Het aanlegplan van de Nieuw-Parkwijk "Den Brandt" werd ontworpen door hoofdingenieur-directeur van de dienst Wegenis Richard Lemeunier. Ten noorden aanleunend bij het voormalige militaire oefenveld Wilrijkseplein, wordt de wijk omgrensd door de Beukenlaan, de Groenenborgerlaan, de Cederlaan en de Berkenlaan. Hoofdas van de pittoreske parkaanleg met beboomde lanen is de Della Faillelaan, die in een wijde boog rond het Park Den Brandt loopt, en achtereenvolgens wordt gekruist door de Eglantierlaan, de Acacialaan, de Hagedoornlaan, de Kastanjelaan, de Olmenlaan, de Vijverlaan en de Dennenlaan.
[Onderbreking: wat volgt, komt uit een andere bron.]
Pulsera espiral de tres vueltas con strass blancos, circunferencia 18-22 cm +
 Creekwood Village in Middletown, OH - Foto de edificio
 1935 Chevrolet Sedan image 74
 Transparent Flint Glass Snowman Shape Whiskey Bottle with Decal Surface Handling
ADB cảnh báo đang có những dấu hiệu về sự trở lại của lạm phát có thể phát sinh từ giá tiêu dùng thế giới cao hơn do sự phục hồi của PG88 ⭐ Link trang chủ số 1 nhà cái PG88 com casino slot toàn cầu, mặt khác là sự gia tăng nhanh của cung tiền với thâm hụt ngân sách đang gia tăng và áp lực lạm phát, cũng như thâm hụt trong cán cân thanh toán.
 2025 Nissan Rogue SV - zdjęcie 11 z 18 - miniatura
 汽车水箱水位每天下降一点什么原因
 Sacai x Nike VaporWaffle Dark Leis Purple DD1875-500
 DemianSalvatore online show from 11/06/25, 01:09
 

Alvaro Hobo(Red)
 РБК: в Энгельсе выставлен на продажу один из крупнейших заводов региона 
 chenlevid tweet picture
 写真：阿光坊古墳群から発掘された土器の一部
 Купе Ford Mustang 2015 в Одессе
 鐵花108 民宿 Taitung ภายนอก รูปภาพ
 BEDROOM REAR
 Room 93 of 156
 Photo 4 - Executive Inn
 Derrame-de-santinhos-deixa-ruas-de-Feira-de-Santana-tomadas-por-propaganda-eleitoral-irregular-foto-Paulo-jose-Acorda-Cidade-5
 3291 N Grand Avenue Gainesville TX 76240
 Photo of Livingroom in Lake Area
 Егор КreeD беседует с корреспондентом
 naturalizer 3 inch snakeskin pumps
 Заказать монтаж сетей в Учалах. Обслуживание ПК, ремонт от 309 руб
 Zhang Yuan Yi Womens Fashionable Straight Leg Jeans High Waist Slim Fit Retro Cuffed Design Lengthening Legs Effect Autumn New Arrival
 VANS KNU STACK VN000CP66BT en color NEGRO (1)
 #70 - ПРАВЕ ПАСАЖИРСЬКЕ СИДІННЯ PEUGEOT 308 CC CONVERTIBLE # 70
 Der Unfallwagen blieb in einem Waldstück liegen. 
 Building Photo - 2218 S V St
Een parallel circuit bestaat uit de elkaar kruisende Sorbenlaan en Ahornenlaan, waarop de pas begin jaren 1930 aangelegde Wilgenlaan, Platanenlaan en Palmenlaan aansluiten. Daarnaast fungeert de Seringenlaan als toegangsdreef tot Park Den Brandt in het hart van de wijk. De wegeniswerken werden in 1911 en 1912 bij openbare aanbesteding toegewezen aan de aannemer van openbare werken Arthur Van Rijsseghem, en in twee fasen voltooid tussen 1911 en 1913. De aanplant van bomen en de verkoop van bouwgronden ging eveneens begin 1911 van start, waarna midden dat jaar al de eerste bouwaanvragen konden worden ingediend. Tot de naamgeving van de nieuwe straten werd in november 1911 beslist; de plechtige inhuldiging van de Nieuw-Parkwijk "Den Brandt", met concerten en vuurwerk, vond plaats op 7 september 1913. Waar de wijk vóór de Eerste Wereldoorlog slechts een beperkte bouwactiviteit kende, met uitzondering van de speculatieve, verstedelijkte zone in de noordwestelijke hoek, vond de belangrijkste bebouwingsgolf plaats tijdens de eerste helft van de jaren 1920, gevolgd door een tweede tijdens de jaren 1950 en 1960. Afgelopen decennia stond de wijk opnieuw onder grote druk van de vastgoedmarkt, waarbij percelen zowel werden opgesplitst voor de bouw van bijkomende woningen, als samengevoegd voor nog grotere nieuwbouwvilla's. Een beperkt aandeel van de oorspronkelijke bebouwing, die aan het einde van de Tweede Wereldoorlog ook al was getroffen door bominslagen, ging daarbij verloren.

Architectuur

Het tracé van de Acacialaan werd oorspronkelijk over twee derden van de onpare zijde, tussen Beukenlaan en Della Faillelaan, geflankeerd door het Park Den Brandt, met de Seringenlaan als brede toegangsdreef vanuit de Eglantierlaan. Drie van de vroegste en meest voorname landhuizen die in de Nieuw-Parkwijk “Den Brandt” tot stand kwamen, het "Acaciahof" en de verdwenen kasteeltjes "Cleveland" en "Les Aiglons", namen vóór de Eerste Wereldoorlog vrijwel over dezelfde lengte de pare zijde in. Het middelste straatgedeelte tussen Della Faillelaan en Berkenlaan, deels op het grondgebied van Wilrijk, behoort tot het eigenlijke villapark, waarvan het karakter wordt bepaald door open bebouwing op grote percelen. Gesitueerd buiten de eigenlijke perimeter, maakt het meest westelijke straatgedeelte van de Acacialaan, tussen Berkenlaan en Pastoor de Conincklaan, deel uit van de verstedelijkte zone in de noordwestelijke hoek van de Nieuw-Parkwijk "Den Brandt", gekenmerkt door een aaneengesloten rijbebouwing met voortuintjes. Pas omstreeks 1969, na aankoop van kasteel “Den Brandt” door de stad Antwerpen, werd de 50 m diepe strook bosgrond aan de noordrand van Park Den Brandt verkaveld voor de vorming van een tiental bijkomende bouwpercelen.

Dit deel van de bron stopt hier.